=== What the exercise asks ===
Below this line is the material. Write out only its lines from the one containing "Heren Rab Fietskleding" through the one containing "Plecak HARDY .45 DRONE 25l Plecak", both kept, exactly.

------------------------

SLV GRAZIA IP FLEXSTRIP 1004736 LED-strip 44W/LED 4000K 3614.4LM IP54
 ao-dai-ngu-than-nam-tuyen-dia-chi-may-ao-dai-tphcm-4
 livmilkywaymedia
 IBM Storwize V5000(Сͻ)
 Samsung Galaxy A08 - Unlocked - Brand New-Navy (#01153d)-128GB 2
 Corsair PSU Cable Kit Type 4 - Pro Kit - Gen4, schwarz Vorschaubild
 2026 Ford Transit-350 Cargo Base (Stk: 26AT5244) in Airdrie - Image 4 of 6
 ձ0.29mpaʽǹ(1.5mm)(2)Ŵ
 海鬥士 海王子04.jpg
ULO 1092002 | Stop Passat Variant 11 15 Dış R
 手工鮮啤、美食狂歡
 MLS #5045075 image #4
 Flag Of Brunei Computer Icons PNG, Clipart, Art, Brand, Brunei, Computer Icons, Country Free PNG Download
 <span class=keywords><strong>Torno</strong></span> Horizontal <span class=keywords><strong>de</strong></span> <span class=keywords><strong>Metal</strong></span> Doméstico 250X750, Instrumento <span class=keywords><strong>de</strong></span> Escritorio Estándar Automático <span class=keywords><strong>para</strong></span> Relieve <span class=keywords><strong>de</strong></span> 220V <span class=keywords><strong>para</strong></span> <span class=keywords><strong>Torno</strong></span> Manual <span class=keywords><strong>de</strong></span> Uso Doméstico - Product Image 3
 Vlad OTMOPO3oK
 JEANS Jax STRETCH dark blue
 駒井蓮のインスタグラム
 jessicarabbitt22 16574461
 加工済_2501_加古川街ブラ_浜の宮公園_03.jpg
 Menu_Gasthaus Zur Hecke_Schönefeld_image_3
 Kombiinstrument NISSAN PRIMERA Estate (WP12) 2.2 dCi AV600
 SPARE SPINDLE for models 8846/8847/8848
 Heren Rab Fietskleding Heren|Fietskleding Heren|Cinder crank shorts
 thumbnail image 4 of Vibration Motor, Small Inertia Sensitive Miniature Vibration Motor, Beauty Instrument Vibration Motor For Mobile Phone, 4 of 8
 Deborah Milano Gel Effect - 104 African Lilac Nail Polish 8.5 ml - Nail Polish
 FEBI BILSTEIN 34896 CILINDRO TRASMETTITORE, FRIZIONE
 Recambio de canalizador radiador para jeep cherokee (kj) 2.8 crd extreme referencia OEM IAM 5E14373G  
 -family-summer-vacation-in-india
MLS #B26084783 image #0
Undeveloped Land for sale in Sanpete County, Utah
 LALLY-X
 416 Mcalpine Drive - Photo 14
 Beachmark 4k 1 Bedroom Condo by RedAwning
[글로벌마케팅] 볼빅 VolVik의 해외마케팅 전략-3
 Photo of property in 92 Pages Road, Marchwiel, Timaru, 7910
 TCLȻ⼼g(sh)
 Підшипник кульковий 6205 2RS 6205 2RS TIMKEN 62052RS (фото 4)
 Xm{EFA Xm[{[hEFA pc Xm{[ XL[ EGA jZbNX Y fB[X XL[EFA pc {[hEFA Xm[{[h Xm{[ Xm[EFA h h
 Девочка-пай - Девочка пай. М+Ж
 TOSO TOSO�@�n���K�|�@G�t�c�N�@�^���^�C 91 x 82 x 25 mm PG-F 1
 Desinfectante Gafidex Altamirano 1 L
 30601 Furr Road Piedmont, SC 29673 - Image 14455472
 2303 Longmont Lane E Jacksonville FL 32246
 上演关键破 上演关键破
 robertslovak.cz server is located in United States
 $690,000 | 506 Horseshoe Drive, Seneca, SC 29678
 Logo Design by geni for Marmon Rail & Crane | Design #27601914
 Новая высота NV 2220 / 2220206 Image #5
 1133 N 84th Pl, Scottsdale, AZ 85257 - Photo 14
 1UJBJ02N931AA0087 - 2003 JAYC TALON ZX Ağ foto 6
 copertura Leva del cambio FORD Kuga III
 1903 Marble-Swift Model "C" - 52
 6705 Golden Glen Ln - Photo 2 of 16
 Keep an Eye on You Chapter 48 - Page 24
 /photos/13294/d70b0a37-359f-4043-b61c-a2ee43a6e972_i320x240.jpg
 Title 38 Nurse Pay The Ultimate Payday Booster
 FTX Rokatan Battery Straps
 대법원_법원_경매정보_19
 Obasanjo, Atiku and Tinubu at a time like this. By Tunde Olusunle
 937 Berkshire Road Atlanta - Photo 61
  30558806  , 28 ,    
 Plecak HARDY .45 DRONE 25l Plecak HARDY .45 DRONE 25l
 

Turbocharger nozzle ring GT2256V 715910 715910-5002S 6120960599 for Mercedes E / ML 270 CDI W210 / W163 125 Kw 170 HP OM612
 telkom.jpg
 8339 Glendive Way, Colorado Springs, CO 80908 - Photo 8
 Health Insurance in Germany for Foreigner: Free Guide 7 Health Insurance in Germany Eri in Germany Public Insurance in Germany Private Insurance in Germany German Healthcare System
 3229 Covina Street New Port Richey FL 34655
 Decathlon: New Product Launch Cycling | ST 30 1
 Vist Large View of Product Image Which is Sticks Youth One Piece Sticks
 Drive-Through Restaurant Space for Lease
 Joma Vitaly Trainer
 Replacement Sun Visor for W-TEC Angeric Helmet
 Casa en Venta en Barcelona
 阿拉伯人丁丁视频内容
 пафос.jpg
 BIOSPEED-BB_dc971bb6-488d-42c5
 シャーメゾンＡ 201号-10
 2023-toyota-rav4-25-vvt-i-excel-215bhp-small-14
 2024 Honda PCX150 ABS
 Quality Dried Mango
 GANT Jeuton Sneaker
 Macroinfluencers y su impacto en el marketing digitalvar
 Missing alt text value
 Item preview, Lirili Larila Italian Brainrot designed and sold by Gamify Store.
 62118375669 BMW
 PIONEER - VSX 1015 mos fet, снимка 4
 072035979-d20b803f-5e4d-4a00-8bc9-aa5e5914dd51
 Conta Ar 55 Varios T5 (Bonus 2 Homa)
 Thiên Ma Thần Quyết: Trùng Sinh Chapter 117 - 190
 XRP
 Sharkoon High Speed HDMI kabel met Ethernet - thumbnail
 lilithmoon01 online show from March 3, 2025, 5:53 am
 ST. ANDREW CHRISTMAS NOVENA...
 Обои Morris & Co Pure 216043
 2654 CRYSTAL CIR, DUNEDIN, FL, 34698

------------------------

=== Reply to the exercise ===
 Heren Rab Fietskleding Heren|Fietskleding Heren|Cinder crank shorts
 thumbnail image 4 of Vibration Motor, Small Inertia Sensitive Miniature Vibration Motor, Beauty Instrument Vibration Motor For Mobile Phone, 4 of 8
 Deborah Milano Gel Effect - 104 African Lilac Nail Polish 8.5 ml - Nail Polish
 FEBI BILSTEIN 34896 CILINDRO TRASMETTITORE, FRIZIONE
 Recambio de canalizador radiador para jeep cherokee (kj) 2.8 crd extreme referencia OEM IAM 5E14373G  
 -family-summer-vacation-in-india
MLS #B26084783 image #0
Undeveloped Land for sale in Sanpete County, Utah
 LALLY-X
 416 Mcalpine Drive - Photo 14
 Beachmark 4k 1 Bedroom Condo by RedAwning
[글로벌마케팅] 볼빅 VolVik의 해외마케팅 전략-3
 Photo of property in 92 Pages Road, Marchwiel, Timaru, 7910
 TCLȻ⼼g(sh)
 Підшипник кульковий 6205 2RS 6205 2RS TIMKEN 62052RS (фото 4)
 Xm{EFA Xm[{[hEFA pc Xm{[ XL[ EGA jZbNX Y fB[X XL[EFA pc {[hEFA Xm[{[h Xm{[ Xm[EFA h h
 Девочка-пай - Девочка пай. М+Ж
 TOSO TOSO�@�n���K�|�@G�t�c�N�@�^���^�C 91 x 82 x 25 mm PG-F 1
 Desinfectante Gafidex Altamirano 1 L
 30601 Furr Road Piedmont, SC 29673 - Image 14455472
 2303 Longmont Lane E Jacksonville FL 32246
 上演关键破 上演关键破
 robertslovak.cz server is located in United States
 $690,000 | 506 Horseshoe Drive, Seneca, SC 29678
 Logo Design by geni for Marmon Rail & Crane | Design #27601914
 Новая высота NV 2220 / 2220206 Image #5
 1133 N 84th Pl, Scottsdale, AZ 85257 - Photo 14
 1UJBJ02N931AA0087 - 2003 JAYC TALON ZX Ağ foto 6
 copertura Leva del cambio FORD Kuga III
 1903 Marble-Swift Model "C" - 52
 6705 Golden Glen Ln - Photo 2 of 16
 Keep an Eye on You Chapter 48 - Page 24
 /photos/13294/d70b0a37-359f-4043-b61c-a2ee43a6e972_i320x240.jpg
 Title 38 Nurse Pay The Ultimate Payday Booster
 FTX Rokatan Battery Straps
 대법원_법원_경매정보_19
 Obasanjo, Atiku and Tinubu at a time like this. By Tunde Olusunle
 937 Berkshire Road Atlanta - Photo 61
  30558806  , 28 ,    
 Plecak HARDY .45 DRONE 25l Plecak HARDY .45 DRONE 25l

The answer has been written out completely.